Friendship is the perfect cure to loneliness. It is when you have a trusting friend in your life who will not judge you, can you get the power to become whoever you wish to be. Through the beautiful relationship between a poet and a young boy, we become aware of the power friendship has to make any reality come true – even if it is for a short while.
Art is divorced from reality in the way that all art is a made-up version of reality. We see this definition of art playing out across the short story, for B. Wordsworth kept living out his favorite story about his life in front of the naive and trusting young boy. Writers exist because readers award them with their willing suspension of disbelief. Even the young boy awarded the poet with his willing suspension of disbelief that allowed B. Wordsworth to create out of his life the masterpiece he wanted in the eyes of the boy.
Another theme of the short story is the importance of enjoying leisure and being present at the moment, appreciating the beauties of nature, the world, and its people. B. Wordsworth, by spending time with the young boy, teaches him, and in turn, the readers, the simplest way to enjoy life.

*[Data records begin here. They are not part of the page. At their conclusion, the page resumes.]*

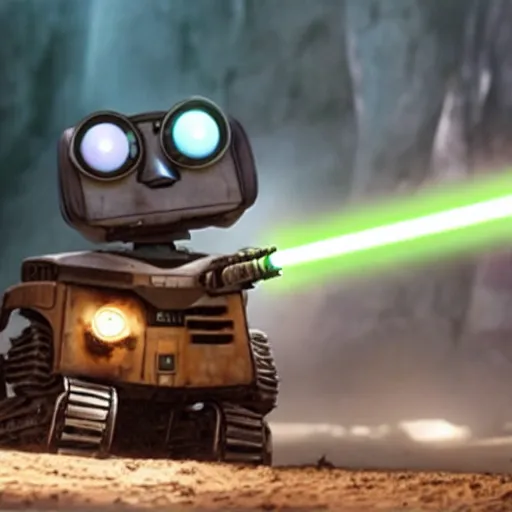 Image similar to photograph of wall - e wielding a lightsaber, hd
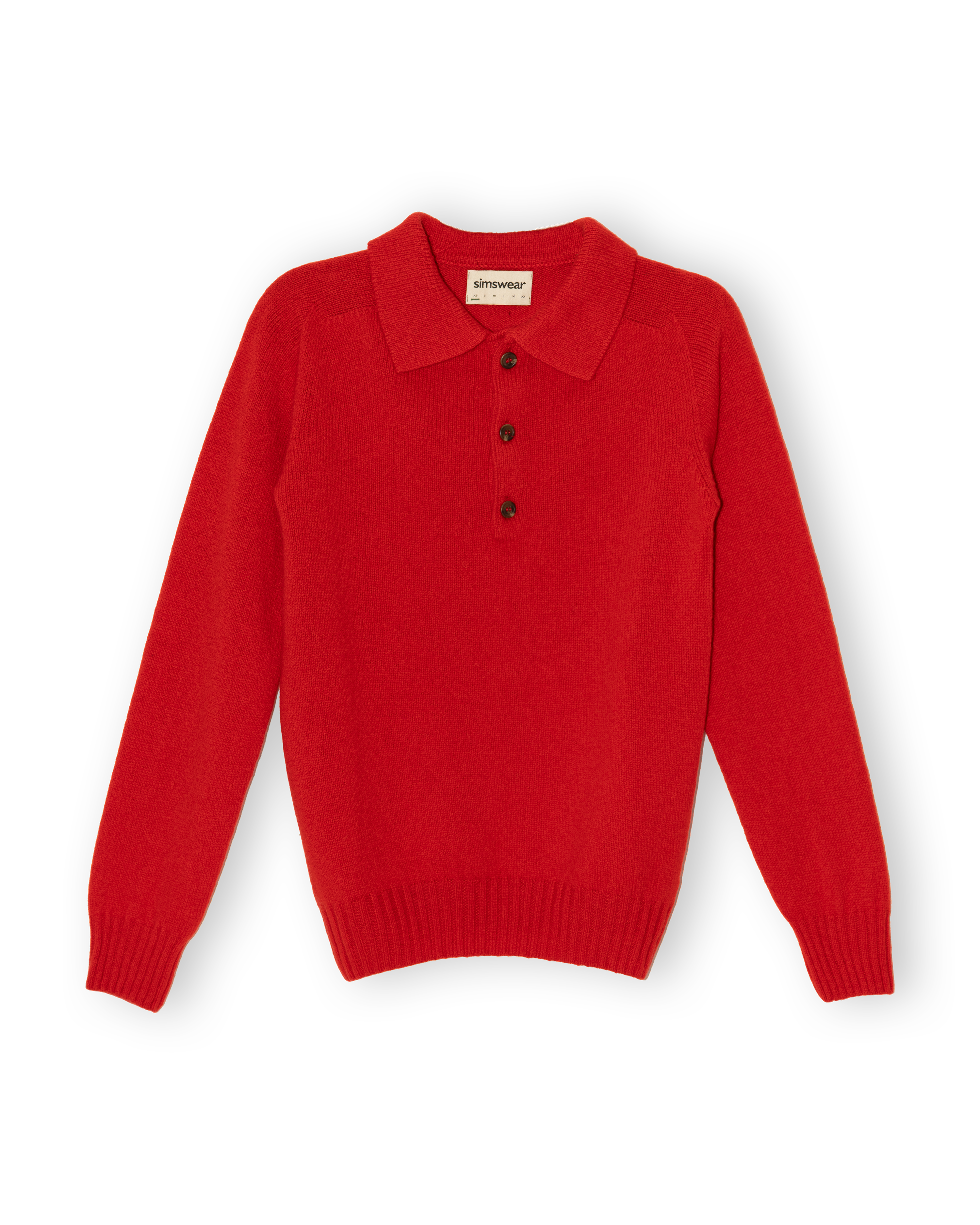 Merino Lambswool Rugby Jumper - Poppy Red (Knitted-to-Order)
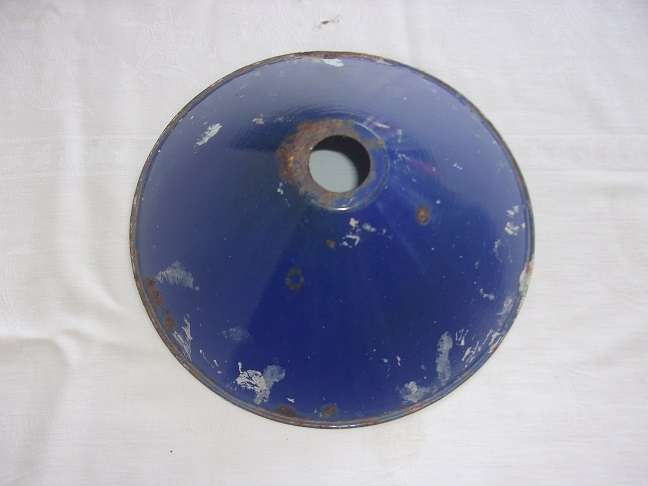 3 Vintage industrial navy blue conical enamel pendant light shades for 1 bid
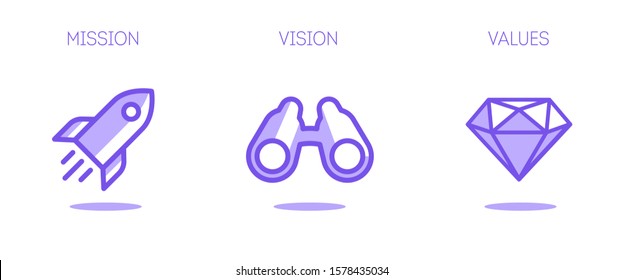 Simple purple flat icon with rocket, binocular and diamond for visualisation of Mission, Vision and Values of company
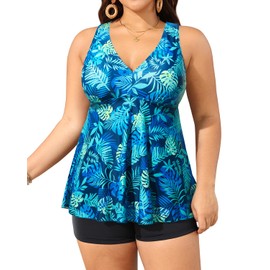 Aqua Eve - Trajes de baño de talla grande con pantalones cortos, tankini de dos piezas para mujer, trajes de baño holgados, Hoja verde y azul., 24 Plus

Salvatore by V. S. Naipaul is the story of a beautiful friendship between two lonely souls – a self-proclaimed poet and a young boy. The poet teaches the young boy about the joys of being alive and present in the moment, whereas the young boy provides the poet with a space to be whoever he wishes to be. It is through the conversations between the poet and the boy that we learn about B. Wordsworth’s identity crisis and his lost grip on reality. Through their friendship, we also learn about the sensitive, compassionate nature of the young boy, who had a troubled family life. Together these two created a space where fantasies played hide and seek with reality, and life was a thing worth exploring in loving company.